Wednesday, November 02, 2011

History of the CBC

This week Ideas on CBC Radio is considering the history of the CBC in a five-part doc by Ideas stalwart David Cayley, "CBC at 75: Turning Points in Public Broadcasting."  The first two parts are already done, but Ideas program can be listened to online or downloaded .

I'm currently developing a program for Ideas myself so I'm neither impartial nor dispassionate.  But I find the anniversary provoking mixed feelings in people I talk to.  On one hand, CBC Radio seems absolutely indispensable.  On the other, people seem to wish it was .... better, and the feeling grows stronger the closer one is to it.

Last Sunday I thought I heard evidence of the problem in Sunday Morning's three hour tribute to the CBC.  At one point Judy Madren, ex-announcer, now officially CBC' usage authority, was Michael Enright's guest.  They read episodes from a CBC announcer's manual from the 1940s, and it struck them as hilarious.  "Announcers must be men of wide culture and broad general knowledge,"  Madren read, and the two of them sniggered about the foolish pretentiousness of their predecessors.  Yet it still seems like a good idea -- the difference between the radio hosts who know things and those who are simply pretty voices remains as stark as even.  Then Madren mentioned the manual included the word "viscid" and declared forthrightly that she did not even know what the word meant.

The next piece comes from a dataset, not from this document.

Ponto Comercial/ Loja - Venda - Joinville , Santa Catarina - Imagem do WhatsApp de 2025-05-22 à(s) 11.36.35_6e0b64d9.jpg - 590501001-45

The CBC's usage expert is too important to reach for a dictionary.  I got the sense that a lot of people around CBC Radio reached their positions by seniority and now have a sense of their own authority that far outstrips the pretensions of the 1940s.

Still, I was driving a long way in the last two days, and every couple of hours I was madly running "Seek" to keep CBC Radio in range.

CBC Radio has also announced its ten finalists for the non-fiction episode of Canada Reads. Congratulations to Margaret Macmillan, whose Paris 1919 made the list despite the organizers' earlier fatwa against history books and academics. Also Chester Brown's graphic-biography Louis Riel and Ken Dryden's The Game, which counts as history for me.